▶ _INSTRUCTIONS FOR THE TASK_: Every line in the records below between the one holding "Bathroom & Kitchen" and the one holding "Rick and Morty", inclusive, is to be set down exactly; all other lines are to be left out.

▶ _SUPPLIED ENTRIES_:
□ □ □ □ □

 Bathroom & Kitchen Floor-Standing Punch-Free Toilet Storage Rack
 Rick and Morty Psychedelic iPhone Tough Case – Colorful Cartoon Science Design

□ □ □ □ □

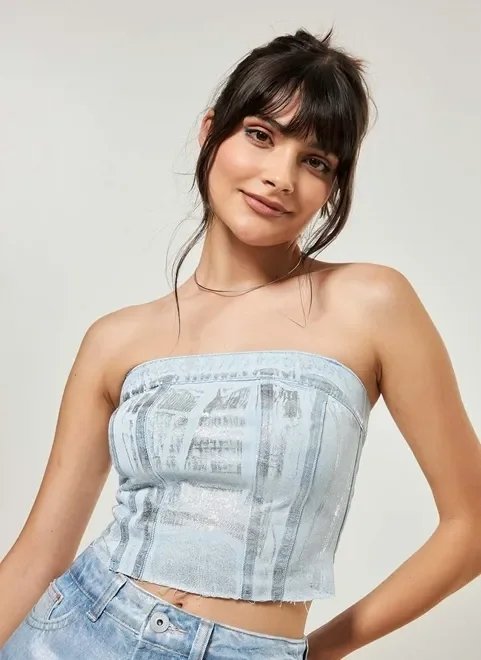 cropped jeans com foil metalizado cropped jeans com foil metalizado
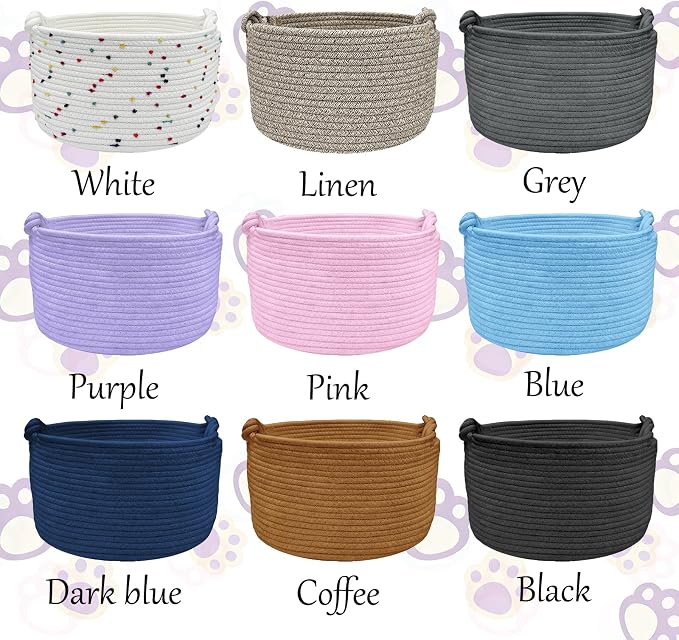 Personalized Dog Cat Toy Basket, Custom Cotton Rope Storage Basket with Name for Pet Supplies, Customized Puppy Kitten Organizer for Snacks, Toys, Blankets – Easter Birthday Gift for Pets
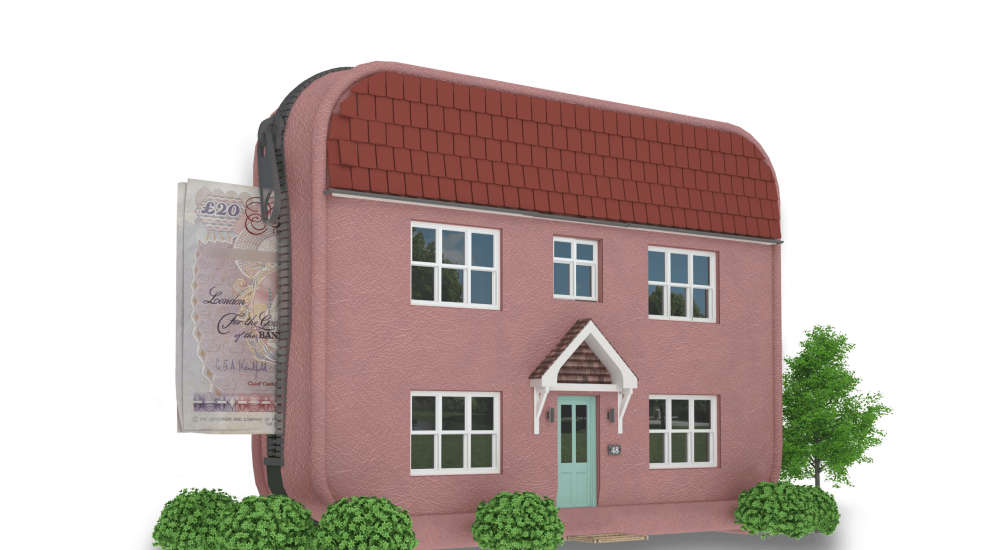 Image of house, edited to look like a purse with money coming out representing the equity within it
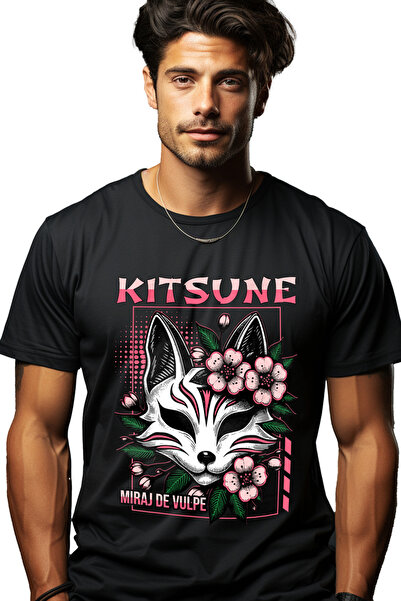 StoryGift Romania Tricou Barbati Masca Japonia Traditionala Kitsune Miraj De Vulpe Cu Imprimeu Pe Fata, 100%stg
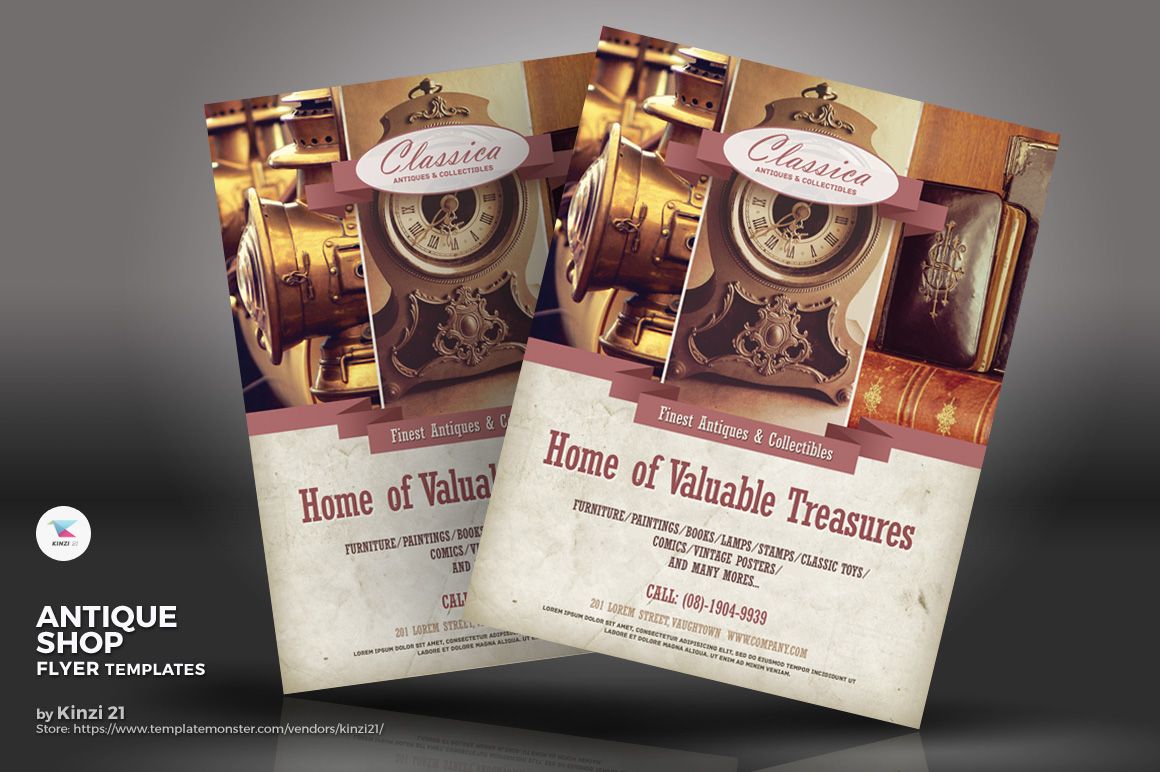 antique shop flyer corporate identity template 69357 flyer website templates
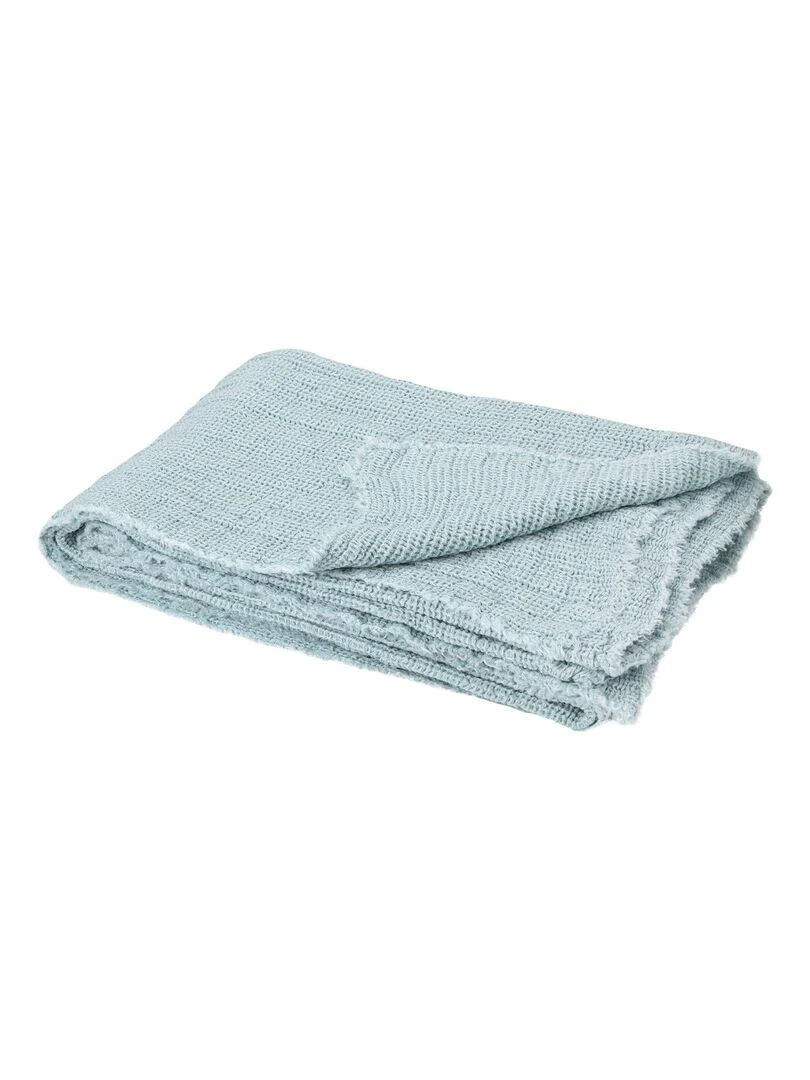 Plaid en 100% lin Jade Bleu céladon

□ □ □ □ □

▶ _SOLUTION FOR THIS EXERCISE_:
 Bathroom & Kitchen Floor-Standing Punch-Free Toilet Storage Rack
 Rick and Morty Psychedelic iPhone Tough Case – Colorful Cartoon Science Design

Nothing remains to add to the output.